What is notable is how the reaction has been portrayed. ‘Qantas has grounded its entire worldwide fleet because of industrial action by its employees – stranding an estimated 13,000 people over the next 24 hours’ (Telegraph, Oct 29). The employees are the ones carrying the can here, when in truth, the decision of grounding a global fleet was taken at the behest of an aggressive executive which decided to commence an industrial blitzkrieg. Prior to that, we were merely witnessing a phoney war.

The result of the lockout is total, meaning that pilots who were not directly involved in the dispute are also affected. On Saturday night, Fair Work Australia, the national industrial tribunal that was rendered toothless by previous conservative governments, adjourned a hearing between the parties.

The Australian and International Pilots Association has questioned the sanity of the Qantas executive, Alan Joyce. ‘Alan Joyce is holding a knife to the nation’s throat’, suggested AIPA Vice President Richard Woodward. ‘No one predicted this – because no one thought Alan Joyce was completely mad.’ Woodward, as so many members of the union movement have done in the past, has demonstrated a certain naiveté over the commanders of capital. Capital can be innately destructive, even to its own accumulators.

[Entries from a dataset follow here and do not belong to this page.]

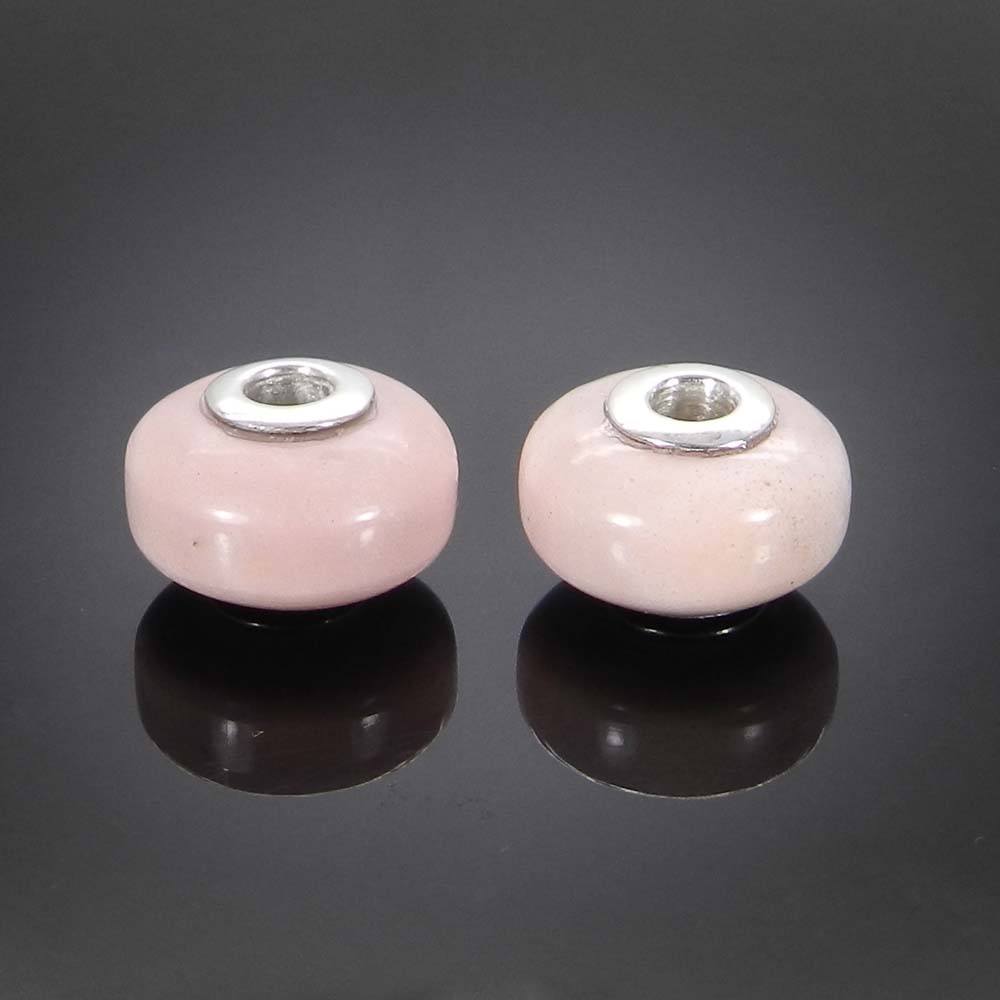 Natural Pink Opal big hole gemstone silver core beads for Jewelry making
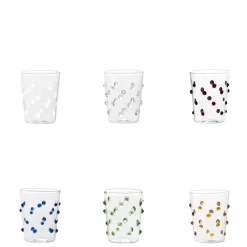 9.5 cl - Zafferano Party Junior Bicchiere Liquore Caffè Fatto a Mano In Vetro Borosilicato Set 6 Pz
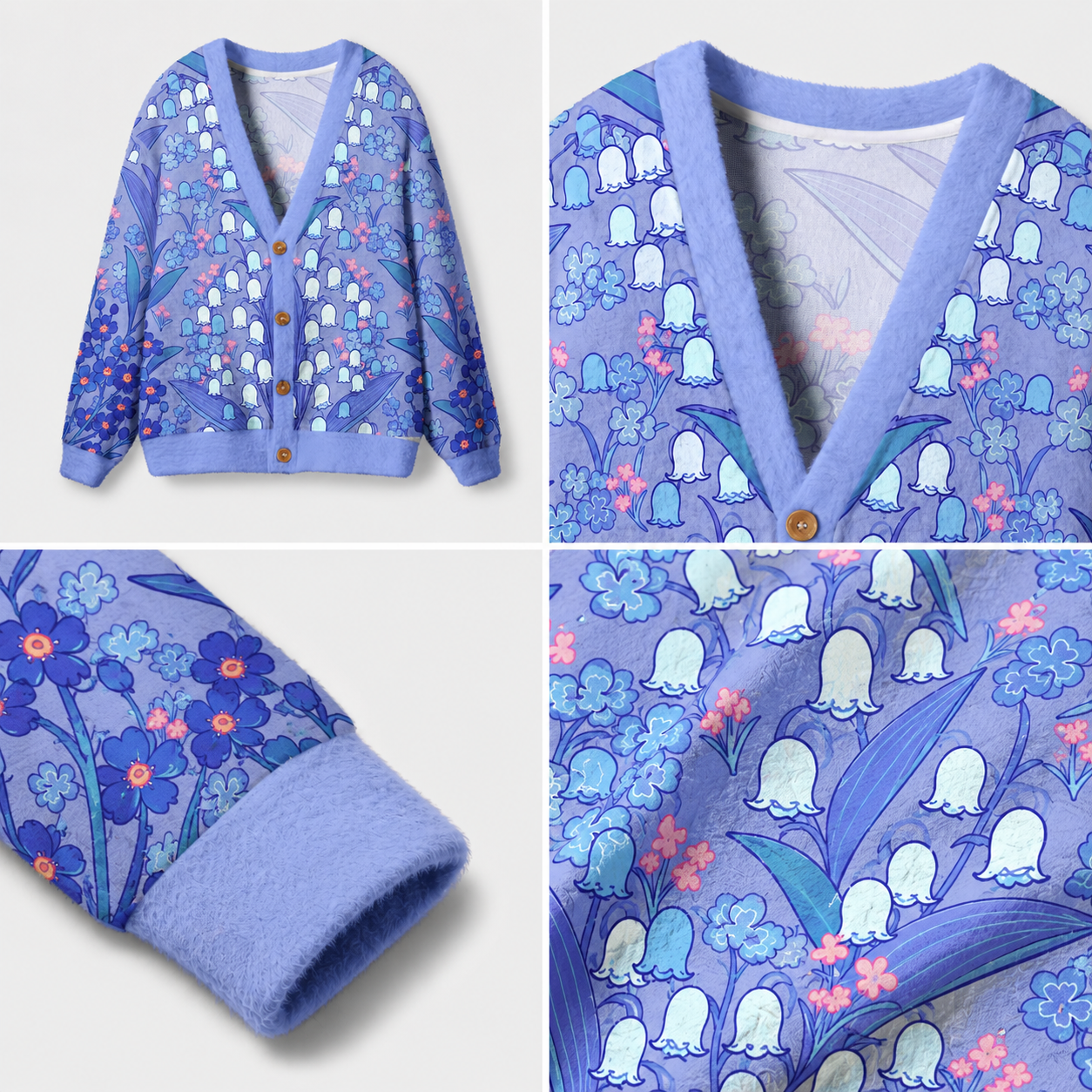 Bellflower Blue Parade Ugly Cardigan Sweaters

The line taken by the unions for some months now has been one of attrition – strikes by baggage handlers, engineers and pilots figuring prominently. The union movement also called for the insertion of ‘job security’ clauses in work agreements in March this year. Joyce’s response was a strut to the tune of the market. ‘A lot of the unions are raising these job security claims which are, in essence, a veto on change and they are a veto on us being able to run a business and have flexibility’ (The Australian, Mar 26). The actions became even more substantial when Qantas announced its plans to move some of its operations offshore, a decision that could well result in the loss of 1,000 jobs.

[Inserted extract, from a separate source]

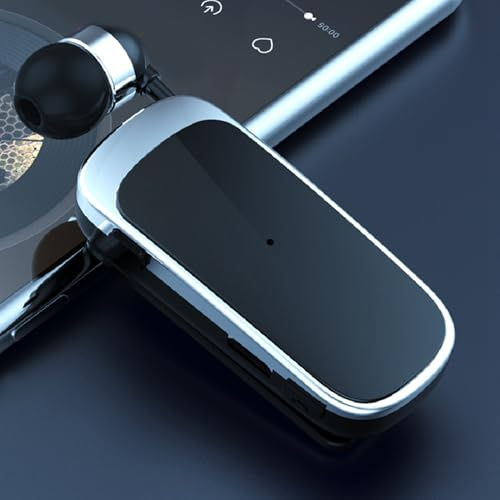 LUCKDANO Casque BT Professionnel sans Fil K52 – Écouteurs Intra-Auriculaires Rétractables avec Micro HD, Suppression du Bruit CVC, Appel Mains Libres, Clamp/Holder Pliable et Autonomie de 5 Heures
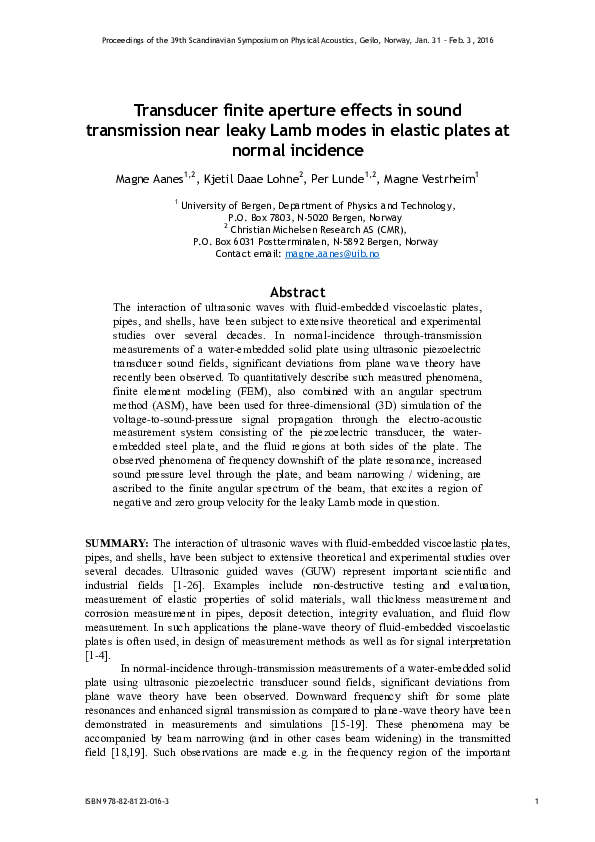 (PDF) Transducer finite aperture effects in sound transmission near ...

The battleground is already bloody, with Qantas losing A$15m a week from the industrial dispute, which has already cost the airline A$68m. Its international operations have not been doing well, with annual losses totalling $A200m. But we live in an age of remorseless financial plunder. Joyce happily received a ballooning in his salary even as plans to shave off company costs were being hatched.

The Labor government is wondering whether it should intervene, and has commenced drafting an application to Fair Work Australia that will involve the termination of all industrial action at Qantas. In the words of the Australian minister for transport, Anthony Albanese, ‘This will be aimed at both actions by unions and by Qantas management’ (BBC News, Oct 29).

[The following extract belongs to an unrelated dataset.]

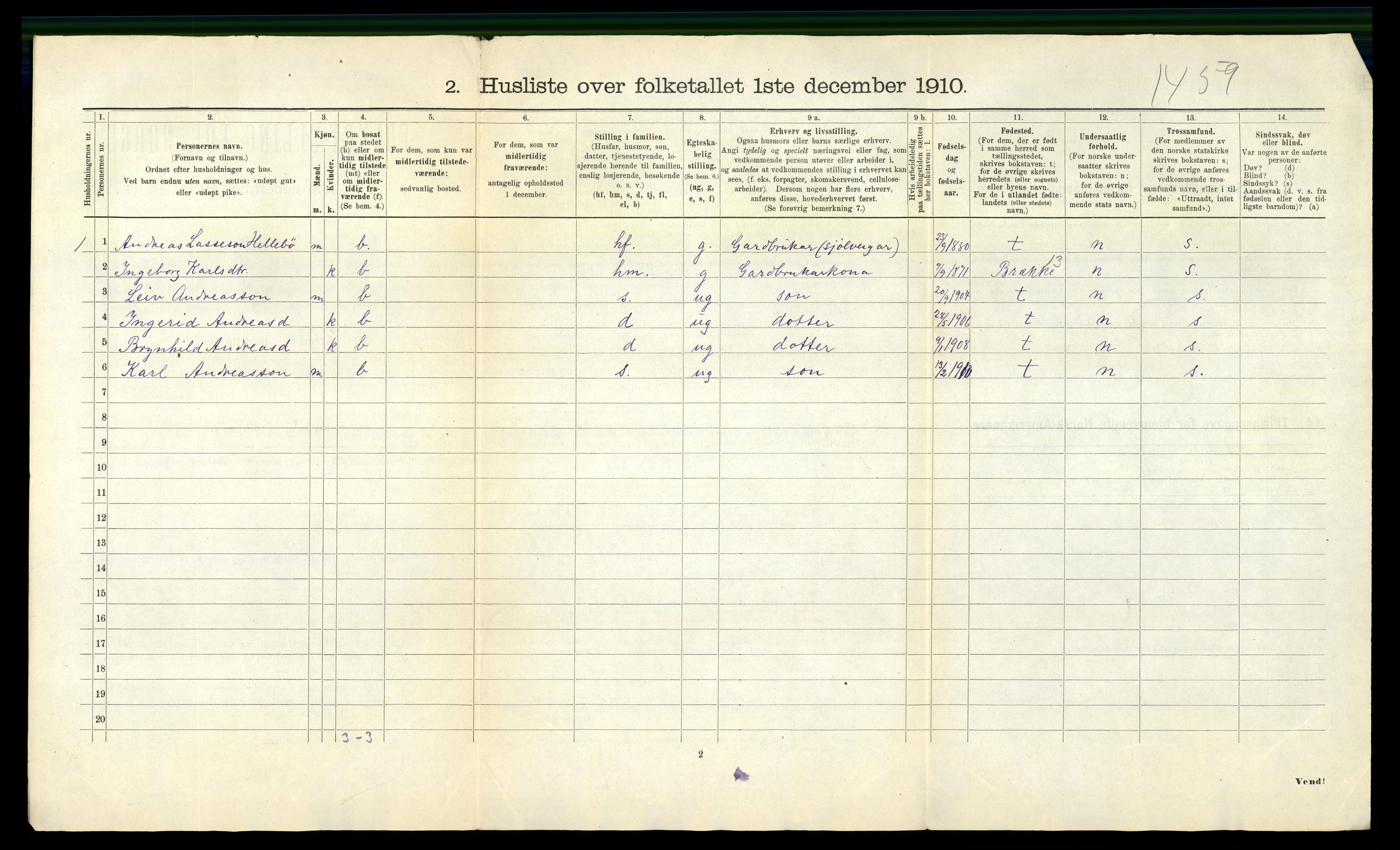 RA, 1910 census for Lavik, 1910, p. 40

The airline’s record has been getting rusty. There have been several near misses that could have cost the airline’s faultless safety record dearly. Services have not been stratospherically brilliant, and the flexibility that Joyce and his pro-market henchmen crave is no guarantee of their quality. The greater use of subcontracting with the aim of cutting costs has shown that Qantas is more obsessed by the bottom line than the bottom service.

The results will be disastrous for an Australian tourist industry that is already flattened by a rampant Australian dollar. Getting to one of the more remote continents in the world is already a challenge, and the prospect of a dicky airline will hardly help. A stranded customer is one who will never provide custom again. But the broader tremors felt in the industry will go well beyond the tourist numbers.

When it comes to the actual mechanics of industrial policy in the airline industry, the action by the Qantas executive has been ruthless. Should it win unconditionally as the planes get back into the sky, the financial bogeymen that have done so much to discredit capitalism will feel reassured in their delusions. The world of the substandard airline may well be upon us.

Binoy Kampmark

Binoy Kampmark was a Commonwealth Scholar at Selwyn College, Cambridge. He lectures at RMIT University, Melbourne. Email: [email protected]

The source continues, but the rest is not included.